Participating UK universities include Aston University, University of Leeds, Newcastle University and Queen’s University Belfast and lectures will be delivered to elite engineering universities and high schools in Hanoi, Danang and Ho Chi Minh City.
Founded in 1998, the Sterling Group consists of 13 research-led UK universities which share a commitment to international excellence in Engineering research and teaching. The Sterling Group seeks to establish channels of communication between its member institutions and like-minded institutions overseas. Links and collaborations of all types – student, faculty, teaching, research – are actively sought and encouraged between members of The Sterling Group and overseas institutions.
In Hanoi, a public talk, scheduled to take place on 10 September from 1730 at Hotel de l’Opera, 29 Trang Tien, will be a highlight of the lecture tour as for the very first time it features a successful local engineering researcher – Dr Duong Quang Trung, an Assistant Professor (Lecturer), from Queen’s University Belfast.
Chairing the talk will be Professor Steve Bull, Cookson Group Chair of Engineering Materials and Chair of the Sterling Group. Professor Bull will address the future challenges for society and what engineers have to offer, using developments in sustainability, healthcare and new technologies to improve the quality of life for all in the coming century. Participants will also learn about the advantages and job prospects of studying Engineering.
Dr Duong Quang Trung will share his hands-on experience of winning a scholarship, working with research supervisors, life of a researcher, career options after graduation. These are topics of great appeal to engineering students and researchers in Vietnam.
Towards the end of the public talk, participants can meet in person with the UK professors to discuss study and scholarship opportunities, seek advice for their proposals, and locate potential supervisors in order to study Engineering in the UK. To register your attendance for the Public talk in Hanoi, please call 04 3728 1920 (ext 1995)..
Cherry Gough, Country Director, British Council Vietnam said: “We’re delighted to bring the Sterling Group Lecture Tour to Vietnam for the seventh year running. In 2013 the Manpower Group’s Global Talent Shortage Survey showed that the top two job shortages worldwide were for skilled trade workers and engineers. Both the UK and Vietnam are facing challenges in producing high-quality engineers.
“In this context, we hope that the Sterling Group Lecture Tour will inspire more people, including high school students and engineering students at universities, to choose engineering as their career.”
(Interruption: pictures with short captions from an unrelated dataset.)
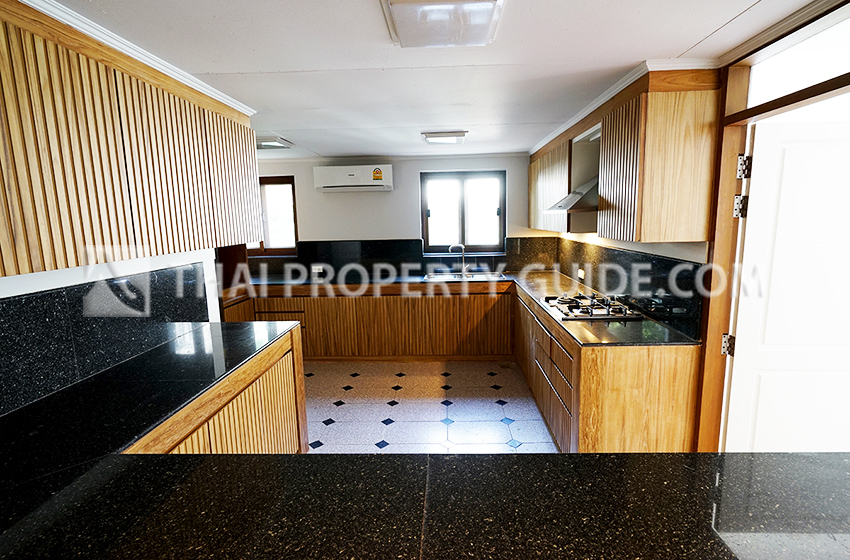 House with Private Pool in Sukhumvit 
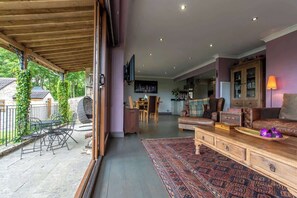 Fernseher, Kamin, Arbeitsbereiche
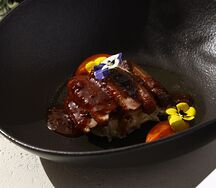 Утиная грудка с брусничным соусом, морковь, специи, масло растительное, соль, чесночное масло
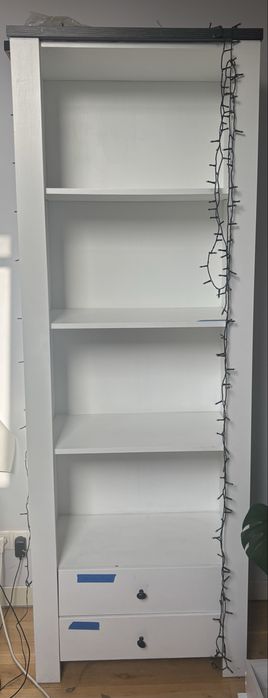 Biała szafka malowana od zewnatrz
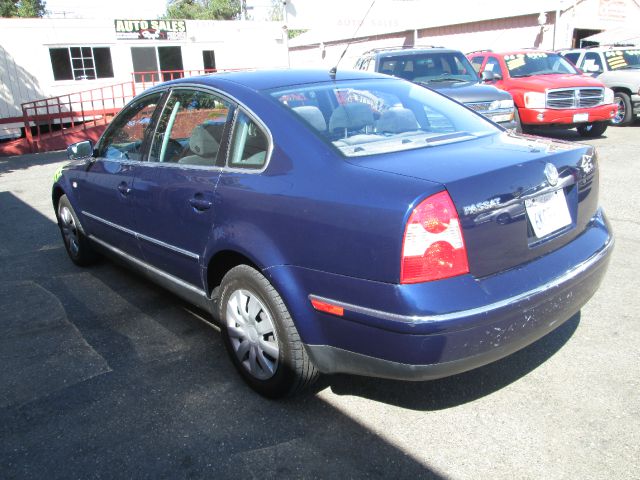 Volkswagen Passat 2002 photo 4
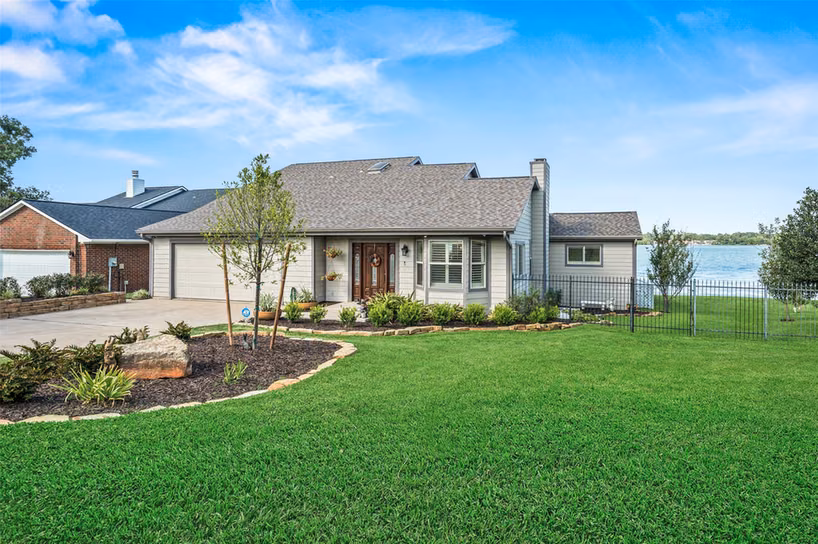 Photo 2 of 1034 Lake View Drive, Montgomery, TX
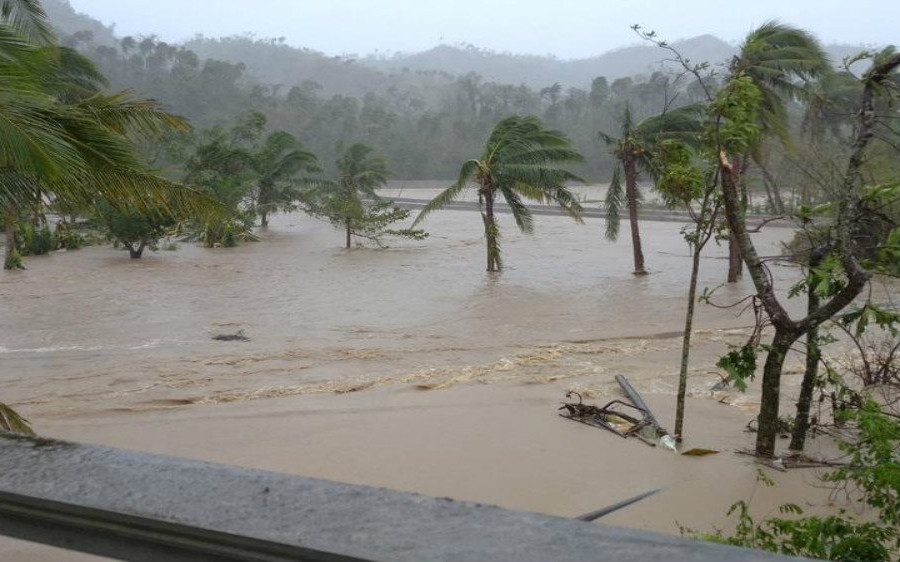 Bão nối bão đổ bộ Philippines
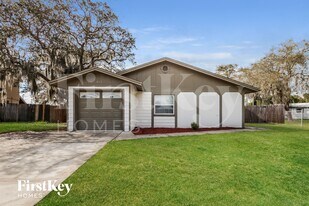 812 Whisper Lake Ct in Winter Haven, FL - Building Photo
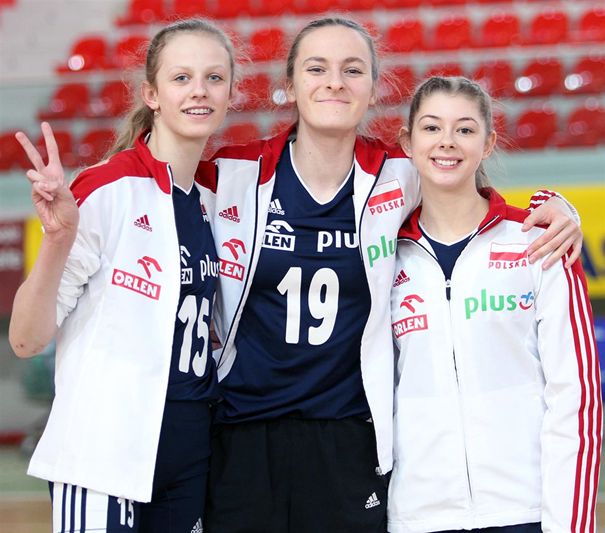Udany debiut młodej siatkarki UKS „Dwójka” w turnieju eliminacyjnym do Mistrzostw Europy kadetek U17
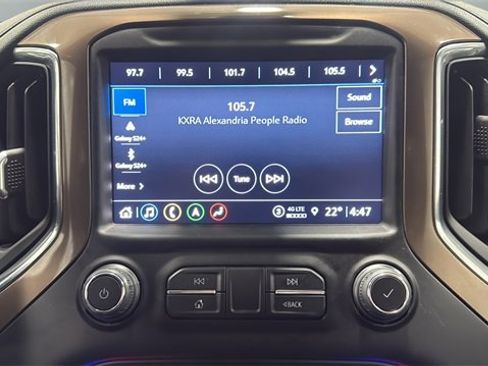 Used 2022 Chevrolet Silverado 3500 High Country image 13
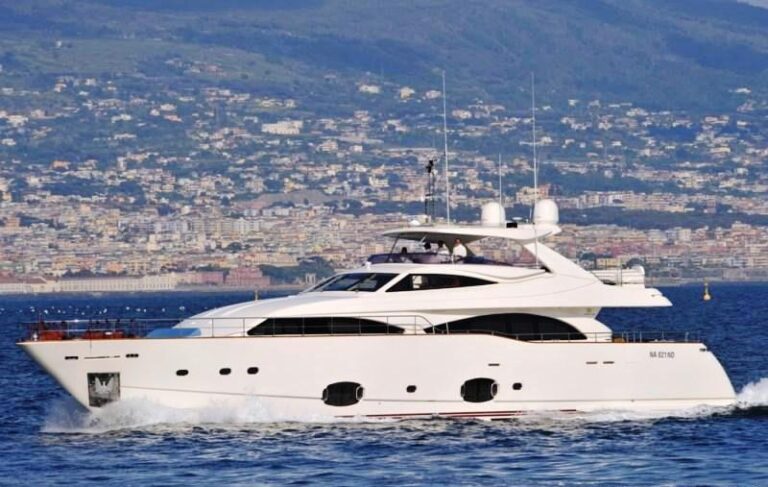 Yacht ANNE MARIE -  Main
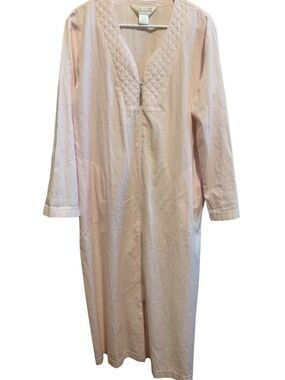 Diamond Tea Pink White Long Zipper Robe Sz M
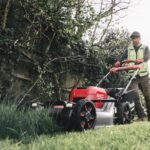 Milwaukee M18F2LM53-0 36V FUEL Brushless 53cm Self Propelled Lawn Mower with 2 x 5.5Ah Battery & Charger - Image 8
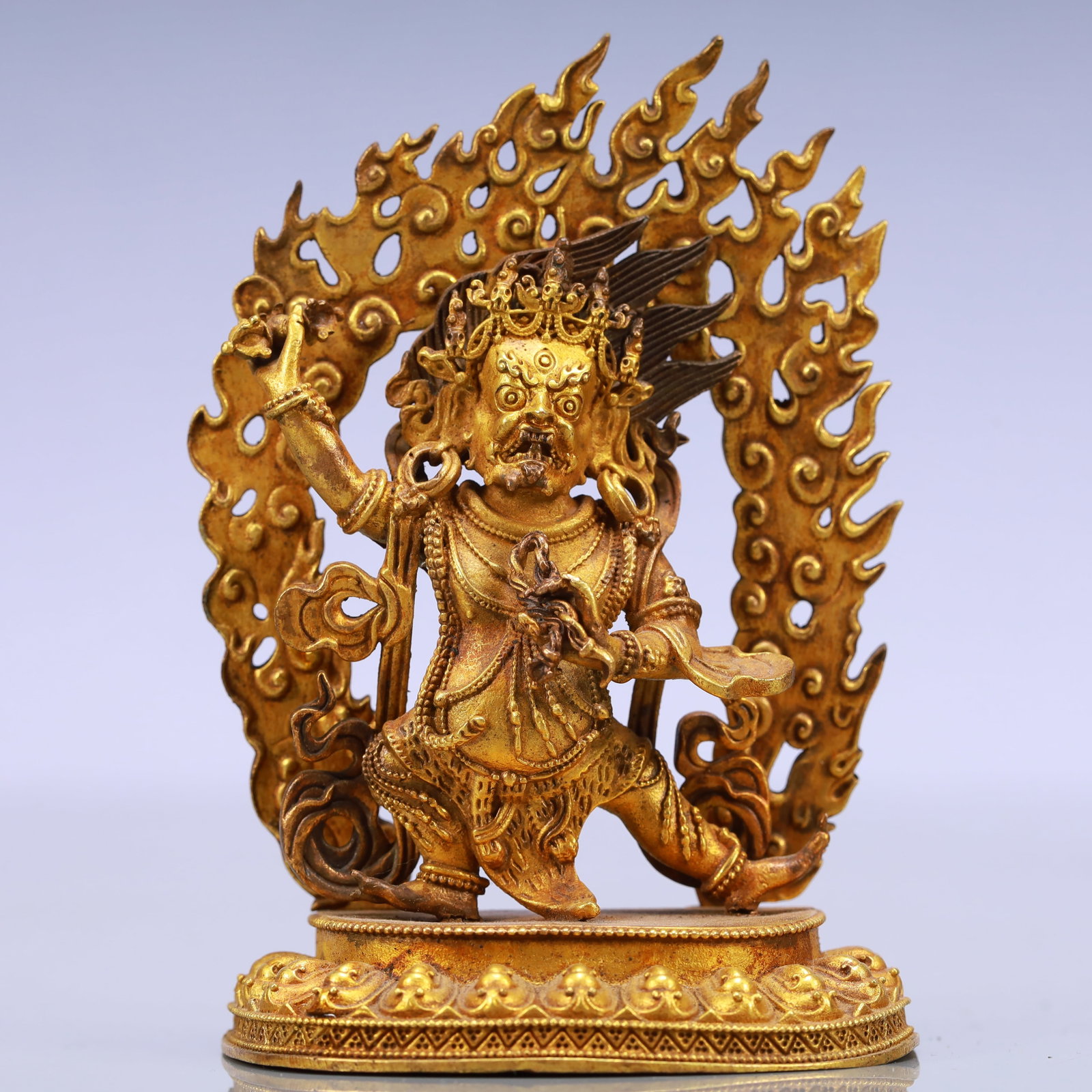 An Exquisite Gilt Bronze Statue of Mammon: An Exquisite Gilt Bronze Statue of Mammon Ming Dynasty, China Size:2.8inx1.4inx3.9in Weight:180g铜鎏金财神佛像 中国明代 Size:7cmx3.5cm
For participating academics, the lecture tour offers a unique opportunity to increase their understanding of new technologies. From Aston University, David Webb, Professor of Photonics, Deputy Director, Aston Institute of Photonic Technologies (AIPT) will talk about how AIPT photonics research can be used in real-life applications, such as optimising internet traffic or making measurements inside living creatures.
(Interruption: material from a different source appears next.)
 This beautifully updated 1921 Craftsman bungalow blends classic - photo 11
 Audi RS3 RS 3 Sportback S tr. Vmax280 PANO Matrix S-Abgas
A lecture on automotive engineering education and research in the UK by Professor David Charles Barton, University of Leeds, presents detailed case studies such as the design of the chassis, the steering and suspension systems and the crashworthiness of the car. The lecture will be of special interests to local lecturers and students as it discusses opportunities to study Automotive Engineering at under- and post-graduate levels in the UK.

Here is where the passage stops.